One backend for all signals
Parseable stores logs, traces, and metrics in the same system. For Ansible playbook monitoring, this means a single SQL query can join log records with trace duration data — no context-switching between a log tool, a tracing UI, and a metrics dashboard. See OpenTelemetry Collector vs Fluent Bit for a comparison of collection approaches if you are evaluating the routing layer. For observability pricing and retention considerations, Parseable's model scales with actual ingest volume rather than host count.
Get started with Parseable for free and start observing your Ansible data.
SQL-first analysis
Parseable's query interface uses standard SQL. There is no query language to learn, no dashboard-specific expression format, and no limitation on what aggregations or joins are possible. For Ansible telemetry, this means any team member who knows SQL can write ad-hoc queries, build dashboards, or set up alert rules without platform-specific training.
Conclusion
Ansible does not have to feel like an opaque script runner. With the right Ansible observability setup — a callback plugin, an OpenTelemetry Collector, and Parseable as the backend — every playbook run becomes traceable, searchable, and auditable. Failures surface as structured records with task-level context. Slow tasks appear as outlier spans. Trends across runs become SQL queries. And when an incident requires a postmortem, the full event record is already there.

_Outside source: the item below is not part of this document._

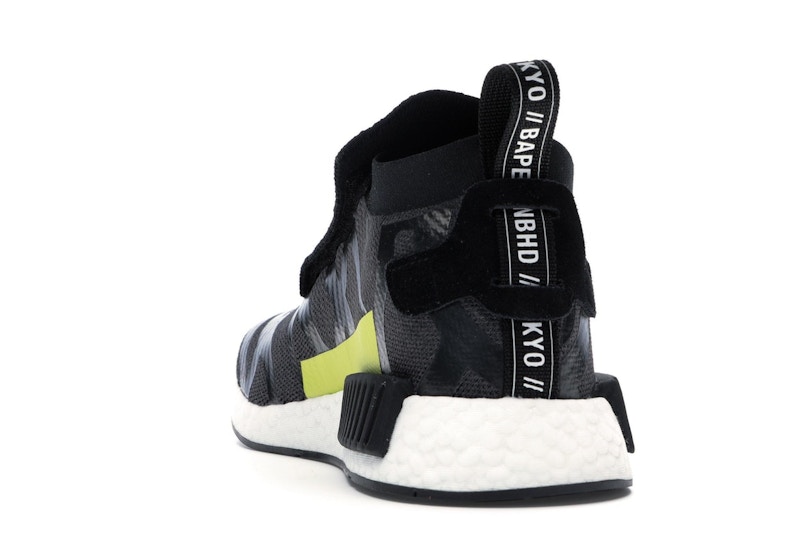adidas NMD TS1 Bape x Neighborhood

The setup in this guide is lightweight: a single callback plugin file, a Collector container, and Parseable. It does not require rewriting playbooks, deploying agents, or adopting a proprietary monitoring platform. The pipeline is vendor-neutral at the collection layer, and Parseable provides the SQL-first analysis and AI summarization layer on top.
For teams running Ansible at scale — multiple runners, multiple environments, CI/CD-triggered playbooks — this same pipeline extends naturally: add CI/CD context attributes at the Collector, route metrics separately, and use Parseable's alerting layer to catch failure rate spikes before they become incidents.
FAQ
What is Ansible observability?
Ansible observability means collecting structured signals; traces, logs, and optionally metrics, from Ansible playbook runs so teams can understand what happened, how long it took, what failed, and why. It replaces opaque stdout output with queryable, structured data.
Can Ansible emit OpenTelemetry traces?
Yes. A callback plugin hooks into Ansible's lifecycle events and emits OTLP-formatted spans for each playbook and task. The demo in this guide uses a custom callback plugin; Ansible's community.general.opentelemetry callback is also available as a collection-based option.
How do I monitor Ansible playbook runs?
Enable an OpenTelemetry callback plugin, run an OpenTelemetry Collector to receive OTLP traffic, and export telemetry to a backend like Parseable. This guide covers the full setup.
Can I send Ansible logs and traces to Parseable?
Yes. Configure the OpenTelemetry Collector to export to Parseable using OTLP HTTP exporters with the X-P-Stream header and Basic Auth. Separate streams for logs, traces, and metrics keep signals organized. This guide includes the full configuration.